In sostanza, il tribunale di Roma ha ritenuto che l’indennizzo, anche nella sua misura massima, non garantisce un’equilibrata compensazione del risarcimento, anche nella prospettiva della non necessaria integrale riparazione del pregiudizio, ed esclude la funzione di dissuasione del datore di lavoro dall’adottare un licenziamento ingiustificato. Di grande interesse è il cenno del tribunale di Roma alla irragionevolezza del rigido criterio per la determinazione della misura dell’indennità, costituito dal “numero degli occupati”, osservando come il sistema di tutele disegnato dall’art. 9, comma 1, d.lgs. 23/2015 risulti talmente limitato da costituire una forma pressoché uniforme di tutela.

In sostanza, questo sistema di tutela sacrifica in maniera sproporzionata l'apprezzamento delle particolarità del caso concreto, risultando impossibile al giudice utilizzare "in chiave correttiva" altri criteri desumibili dal sistema e contemplati all'art. 18, sesto comma, legge. n. 300/1970 e all'art. 8 della legge. n. 604 del 1966 e quindi, oltre all’anzianità di servizio, la gravità delle violazioni, il numero degli occupati, le dimensioni dell'impresa, il comportamento e le condizioni delle parti.

Nel sistema disegnato dall’art. 9, il numero degli occupati costituisce l’unico effettivo criterio di determinazione dell’indennità. Esso, però, non viene utilizzato per adeguare l’indennità bensì unicamente per limitarla.
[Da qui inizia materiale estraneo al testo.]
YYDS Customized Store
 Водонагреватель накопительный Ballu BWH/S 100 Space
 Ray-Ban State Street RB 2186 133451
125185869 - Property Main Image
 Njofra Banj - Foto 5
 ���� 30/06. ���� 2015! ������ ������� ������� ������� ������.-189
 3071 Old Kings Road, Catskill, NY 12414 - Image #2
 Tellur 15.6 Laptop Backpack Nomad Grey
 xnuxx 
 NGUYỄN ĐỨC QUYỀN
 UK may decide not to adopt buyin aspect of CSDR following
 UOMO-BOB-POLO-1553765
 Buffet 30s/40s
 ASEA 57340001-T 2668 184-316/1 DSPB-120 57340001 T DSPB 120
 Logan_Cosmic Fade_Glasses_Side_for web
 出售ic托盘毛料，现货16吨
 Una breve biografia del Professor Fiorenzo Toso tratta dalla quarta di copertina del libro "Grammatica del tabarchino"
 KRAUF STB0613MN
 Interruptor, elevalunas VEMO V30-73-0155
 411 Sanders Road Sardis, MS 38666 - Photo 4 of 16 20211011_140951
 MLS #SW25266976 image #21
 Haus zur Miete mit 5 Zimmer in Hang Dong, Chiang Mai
In più, il numero dei dipendenti costituisce un criterio trascurabile nell’ambito di quella che è l’attuale economia, mentre appare più significativo quello delle dimensioni dell’impresa, più elastico rispetto a quello del solo numero dei dipendenti anche alla luce dell’art. 44 della Costituzione, ove è sancito un principio generale di favore per le piccole imprese, con la precisazione che da esso, però, non può desumersi l’esclusione di un’adeguata tutela del posto di lavoro. In conclusione il tribunale di Roma ha rimesso la questione alla Corte Costituzionale affinché valuti la conformità alla Costituzione dell’art. 9, comma 1, del decreto legislativo 4 marzo 2015, n. 23.